Mit dem Ehepaar Weninger habe es regelmäßige private Kontakte gegeben, nach Opernpremieren habe ihr Mann oft zu einem gemeinsamen Abendessen eingeladen. Im August 2003 machten die Ehepaare Elsner und Weninger eine Woche gemeinsam Urlaub in Seefeld in Tirol – wie der mitangeklagte Ex-BAWAG-Aufsichtsratspräsident Günter Weninger ergänzte, natürlich auf getrennte Rechnung. Weninger habe inzwischen begonnen, auch Golf zu spielen, ihr Mann habe ihn instruiert. Im Mai 2004 wurde das Ehepaar Weninger zu einem gemeinsamen Urlaub in Elsners Haus in Südfrankreich eingeladen – Weninger betonte, er sei mit einem Linienflug nach Nizza geflogen.

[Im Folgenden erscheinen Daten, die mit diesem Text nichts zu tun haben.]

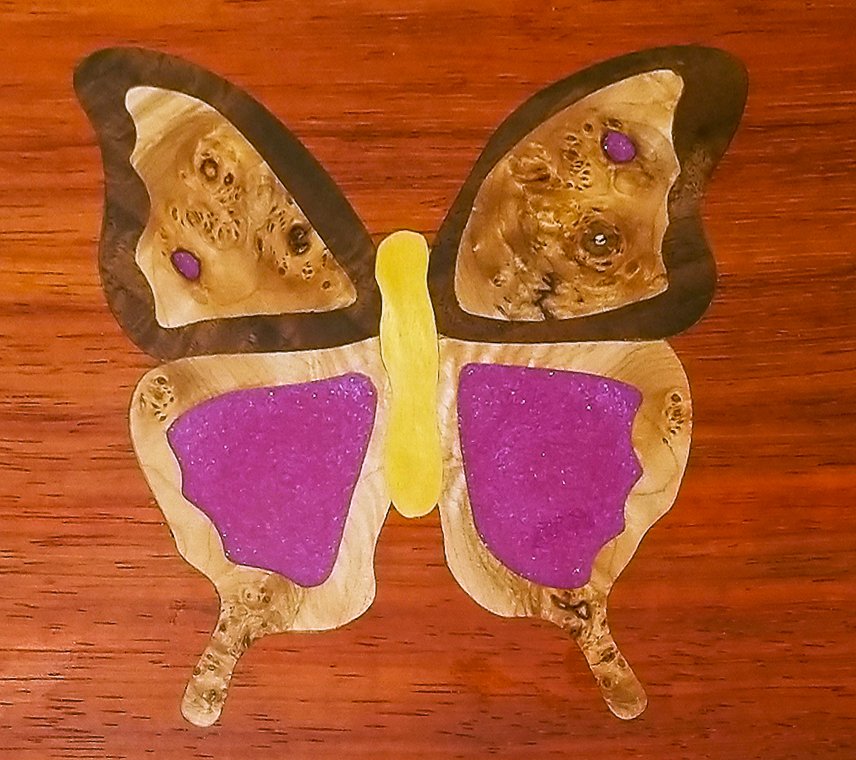 Image of a FlutterBy decorative inlay built with epoxy and glitter for the wings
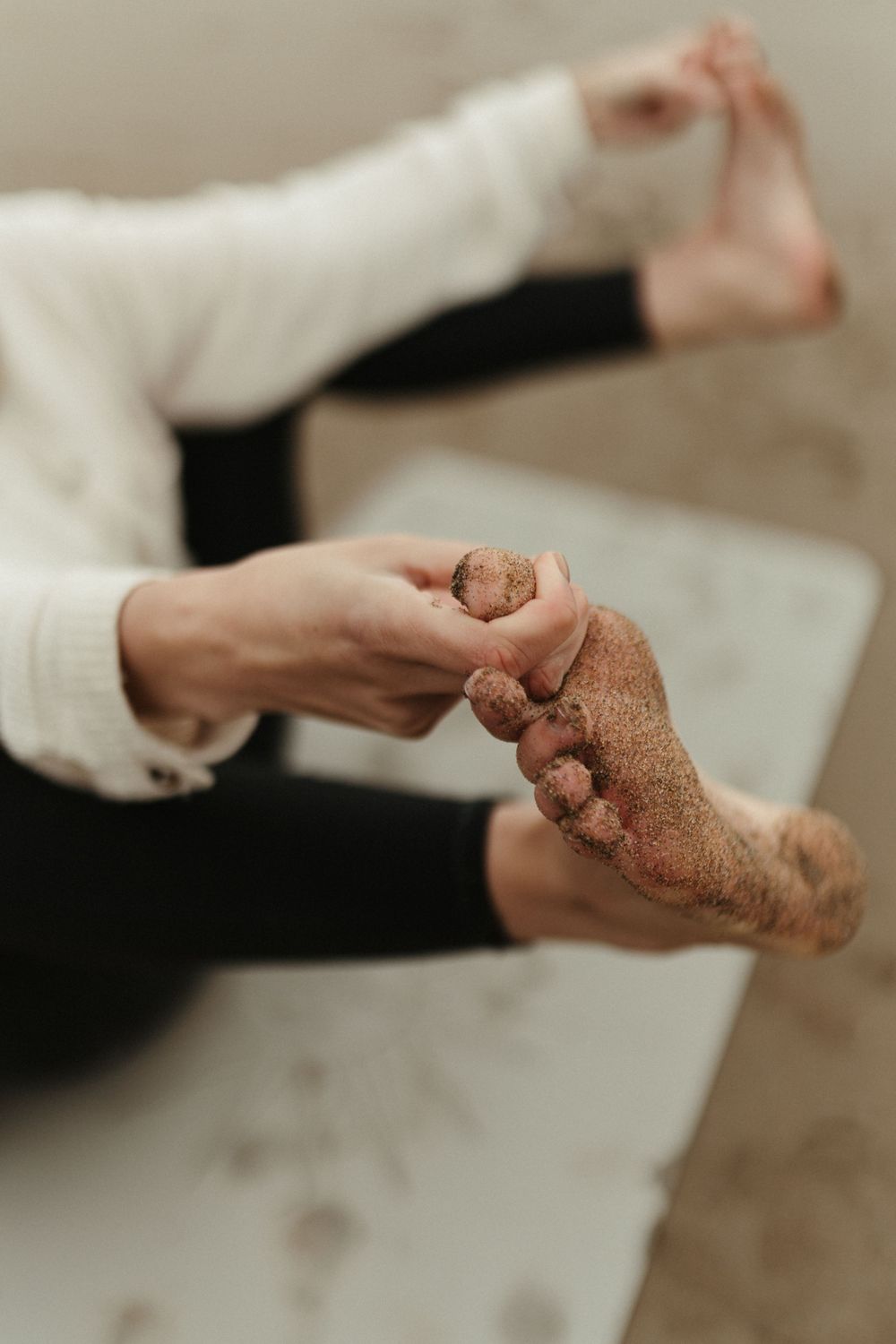 Close-up of sandy bare feet being massaged by hands wearing a white sweater indoors.
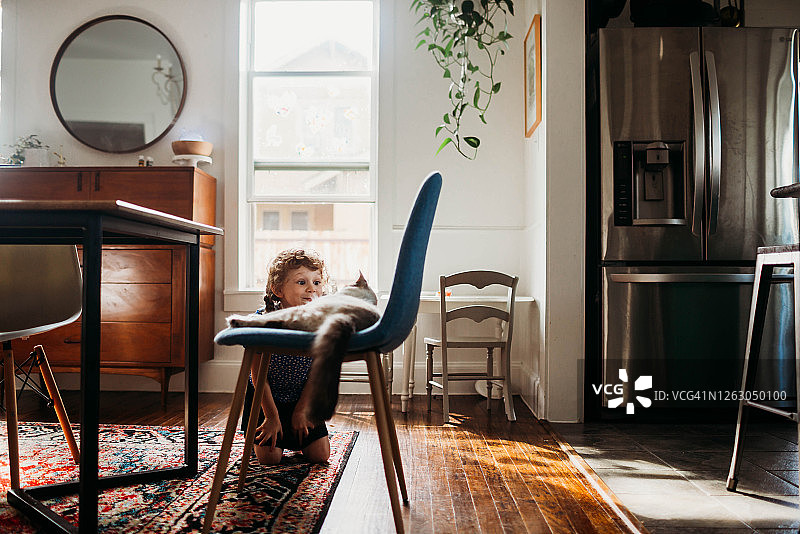 坐在餐厅地板上与宠物猫玩耍的学龄前女孩图片素材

Der Anwalt von Wolfgang Flöttl, Herbert Eichenseder, interessierte sich besonders für den Flug der Elsner-Familie in die Karibik zu einem gemeinsamen Urlaub mit Flöttl in dessen Anwesen. Wolfgang Flöttl habe sie damals eingeladen, schilderte Ruth Elsner, sie habe aber nicht gewusst, dass er das Flugzeug extra anmieten musste. Die Einladung Flöttls wurde von insgesamt sieben Elsner-Familienmitgliedern angenommen. Beim Flug im August 2000 in die Karibik habe es jedenfalls keine Zwischenlandung gegeben, betonte Ruth Elsner. „Wurde damals irgendwann daran gedacht, dass Sie und ihre Begleitung Linie fliegen?“, fragte der Flöttl-Anwalt. Flöttl habe sie auf den Flug und den Urlaub eingeladen, dass der Flug mit dem angemieteten Privat-Jet laut Flöttl-Anwalt 279.000 Dollar gekostet habe, wisse sie nicht, entgegnete Elsners Ehefrau.

Von der Richterin wurde Ruth Elsner noch zum Verhältnis zum Ehepaar Tumpel befragt. Ob es eine dicke Freundschaft gewesen sei, könne sie nicht sagen, die Liebe zur Literatur habe sie jedenfalls mit dem Ehepaar Tumpel verbunden, meinte die Gattin von Elsner. Auch bei der Frage nach dem Ehepaar Verzetnitsch zögerte Ruth Elsner etwas und meinte, „das Wort Freundschaft wird sehr oft strapaziert“. Mit der Familie Schlaff sei sie jedenfalls seit rund 20 Jahren in Freundschaft verbunden.

Zum Abschluss der Zeugeneinvernahme bat Ruth Elsner die Richterin um Freilassung ihres Mannes: „Vielleicht haben Sie einen Freischein für meinen Mann, dass er nach Hause kommen kann“. Elsner sitzt seit seiner Auslieferung von Frankreich nach Österreich im Februar 2007 in Untersuchungshaft.